İran’da halen %60 oranında zenginleştirilmiş yaklaşık 400 kg uranyum stoku bulunduğu ve bu stokun denetimsiz olduğu vurgulandı. Grossi, “Üç İran nükleer tesisine düzenlenen saldırıların ardından radyasyon seviyelerinde artış olmadı. Şu anda tesisteki yeraltı hasarını değerlendirecek konumda olan kimse yok.” dedi.
RUSYA: “ABD, PANDORA’NIN KUTUSUNU AÇTI”
Rusya’nın BM Büyükelçisi Vasily Nebenzya, ABD’nin saldırılarını “provokatif, sorumsuz ve uluslararası hukuka aykırı” olarak tanımladı ve saldırıları kınadı.
Nebenzya, Çin ve Pakistan’la birlikte Güvenlik Konseyi’ne “derhal ateşkes ve diplomasiye dönüş” çağrısı yapan karar tasarısı sunduklarını açıkladı. Büyükelçi Nebenzya, “İsrail’in İran’a yönelik devam eden saldırıları uluslararası hukukun açık bir ihlalidir.” dedi.
ÇİN: “NÜKLEER FELAKETİN EŞİĞİNDEYİZ”
Çin Temsilcisi Fu Cong, sivillerin korunması ve tarafların “derhal ateşkes ilan etmesi” gerektiğini belirtti. İran’ın egemenliğine saygı duyulması çağrısı yapan Çin, İran nükleer sorununa barışçıl bir çözüm için hala umut olduğunu belirtti.

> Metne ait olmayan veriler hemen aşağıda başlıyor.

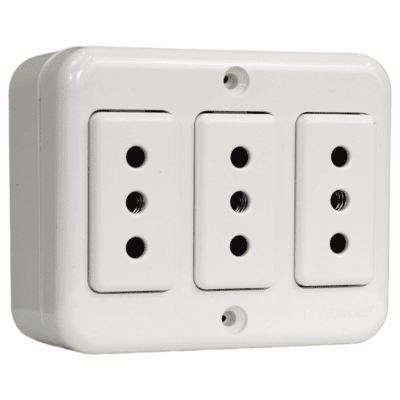 CASQUETE TOMA CORRIENTE TRIPLE 10A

AVRUPA’DAN ORTAK ÇİZGİ: MÜZAKEREYE DÖNÜLMELİ
Birleşik Krallık, Fransa ve Almanya, saldırılara doğrudan katılmadıklarını belirtirken, İran’ın nükleer programına kalıcı çözüm için müzakerelerin yeniden başlatılması gerektiğini vurguladı. Üç ülke, IAEA’nın denetimlerine tam erişim sağlanması gerektiğinin altını çizdi.
İSRAİL: “ABD, DÜNYANIN GÜVENLİĞİNİ KURTARDI”
İsrail Temsilcisi, ABD’nin saldırılarını “haklı ve gecikmiş” bir adım olarak tanımladı. İsrail, İran’ı “nükleer yıkım planlarını diplomatik tiyatroyla gizlemekle” suçladı. “Dünya nükleer bir İran’ı engellemek zorunda” ifadeleri dikkat çekti.
ORTA DOĞU ÜLKELERİ: “GERİLİM BÖLGEYİ FELAKETE SÜRÜKLÜYOR”
Irak, Kuveyt ve Körfez İşbirliği Konseyi ülkeleri, nükleer tesislerin hedef alınmasının bölgesel istikrarı tehdit ettiğini belirtti. Irak, hava sahasının ihlal edildiğini duyururken, Kuveyt ve diğer Arap ülkeleri saldırıların derhal durdurulmasını ve diplomasiye dönülmesini istedi.
PAKİSTAN VE CEZAYİR: “ULUSLARARASI HUKUK ÇİĞNENDİ”
Pakistan, ABD’nin saldırılarını “tehlikeli emsal” olarak nitelendirerek, İran’a destek verdi. Cezayir, nükleer tesislere yönelik saldırıların “uluslararası güvenliği sarsacak düzeyde” olduğunu vurguladı ve tüm taraflara “şartsız ateşkes” çağrısı yaptı.
GÜVENLİK KONSEYİ’NDE YENİ KARAR TASARISI GÜNDEMDE
Çin, Rusya ve Pakistan’ın sunduğu yeni karar tasarısında, “derhal ve koşulsuz ateşkes sağlanması, nükleer tesislerin korunması ve IAEA denetimlerinin başlaması, tarafların uluslararası hukuka uyması, diplomatik müzakerelere dönüş” maddeleri öne çıkıyor.